Investigators from the U.S. attorney's office for the Central District of California are looking into whether a Caterpillar subsidiary may have dumped train parts in the ocean near the Port of Long Beach as part of a scheme to conduct fraudulent train repairs, according to a regulatory filing and newspaper report.
Caterpillar Inc. disclosed in a filing with the Securities and Exchange Commission three weeks ago that Progress Rail, a rail and locomotive repair firm it acquired in 2006, was being investigated for possibly improperly disposing of train parts, equipment and other items.

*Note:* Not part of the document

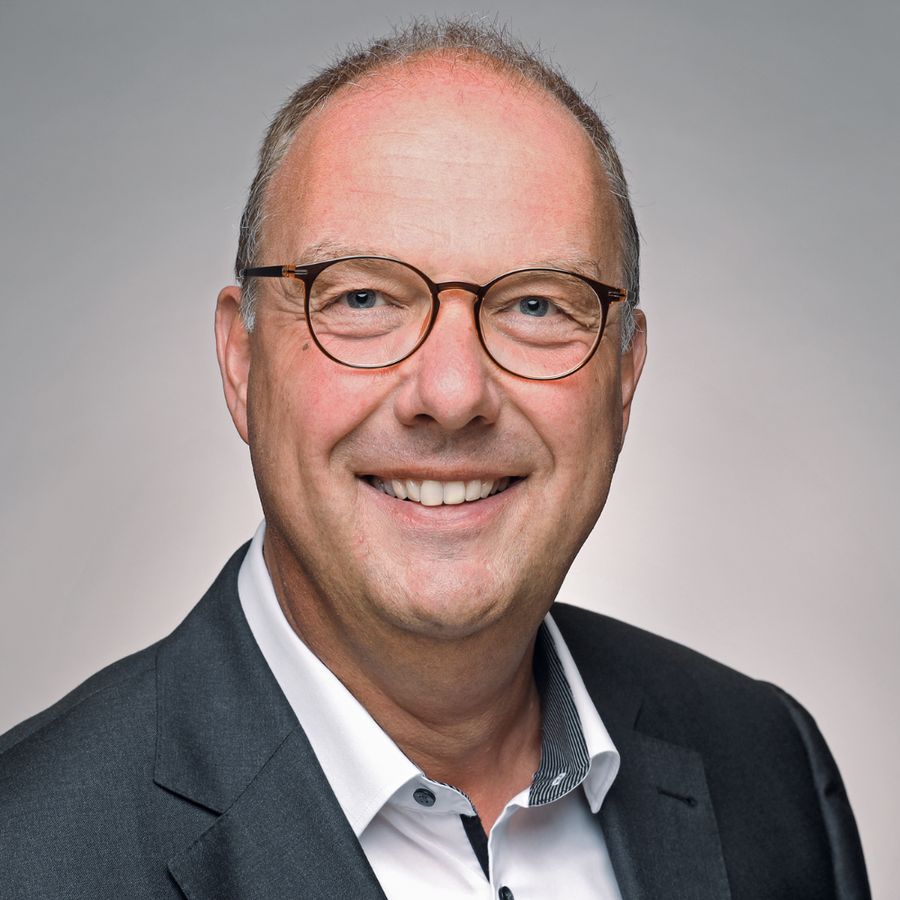 OBERMEYER Infrastruktur GmbH & Co. KG Dr.-Ing. Karsten Gruber, Geschäftsführer OBERMEYER Infrastruktur GmbH & Co. KG Dr.-Ing. Karsten Gruber, Geschäftsführer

The Wall Street Journal, citing anonymous sources, first reported Friday that Progress Rail was possibly breaking environmental laws by dumping in the ocean.
A spokesman for the U.S. attorney's office declined to comment on the investigation. A spokeswoman for Caterpillar said the company is cooperating with the authorities and declined to comment further.
Nonetheless, the filing said Progress Rail on Oct. 24 received a grand jury subpoena requesting documents and other information relating to the allegations that it was conducting unnecessary repairs and billing clients for the work.
The company said in the filing it can't predict the outcome of the investigation but that the "matter will not have a material adverse effect on the company's consolidated results of operation, financial position or liquidity."
Caterpillar acquired the Alabama-based Progress Rail seven years ago for $1 billion. It's one of the largest rail repair firms in the country.